Fielding was hired by an accounting and consulting firm as a CPA and Senior Manager in the Tax Department.  When he accepted the at-will senior manager position he was required to sign the firm's standard at-will employment agreement.  The agreement contained a client purchase provision.  The client purchase provision required that in the event Fielding performed work for Mann Frankfort's clients in the year following his termination of employment, Fielding was required to purchase that portion of Mann Frankfort's business the particular clients represented. 

The agreement lacked any affirmative promise from Mann Frankfort to provide confidential information to Fielding.  However, Fielding affirmatively promised not to use or disclose Mann Frankfort's confidential information.  When Fielding left employment and began competing, the parties litigated over the validity and enforceability of the employment agreement and client purchase provisions. 

The evidence showed that after signing the employment agreement Fielding was provided with access to and use of confidential information of Mann Frankfort and its clients.  The information included "clients' names, billing information and pertinent tax and financial information."  When Fielding was hired as a senior manager in the firm's Tax Department, he would be required to have and use information confidential to the firm by the nature of his duties. 

The Court held that the lack of an affirmative promise to provide Fielding with confidential information in the agreement was not fatal to the enforceability of the agreement or the client purchase provisions in this case.  The Court explained that when the nature of the employment will reasonably require the employer to provide confidential information to the employee for him to accomplish his job duties, the employer has implicitly promised to provide the confidential information and the covenant is enforceable as long as the other requirements of the Texas Covenant Not to Compete Act are satisfied.

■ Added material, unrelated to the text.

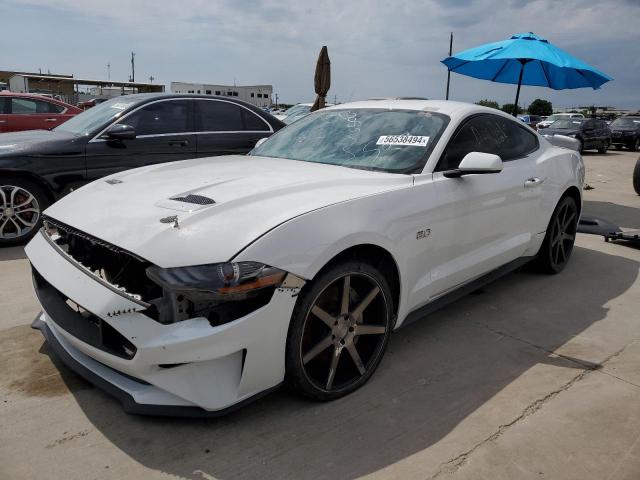 1FA6P8CF0L5124318 - 2020 FORD MUSTANG GT WHITE photo 1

The effect of this holding will be to make it easier to enforce covenants not to compete in Texas.  Additionally, the Court has at least tacitly endorsed those intermediate court of appeals decisions that have concluded that restrictive covenants other than noncompete provisions (e.g., client purchase provisions or forfeiture clauses) should be analyzed like noncompetition provisions that strictly prohibit competition rather than merely providing a monetary penalty for such competition.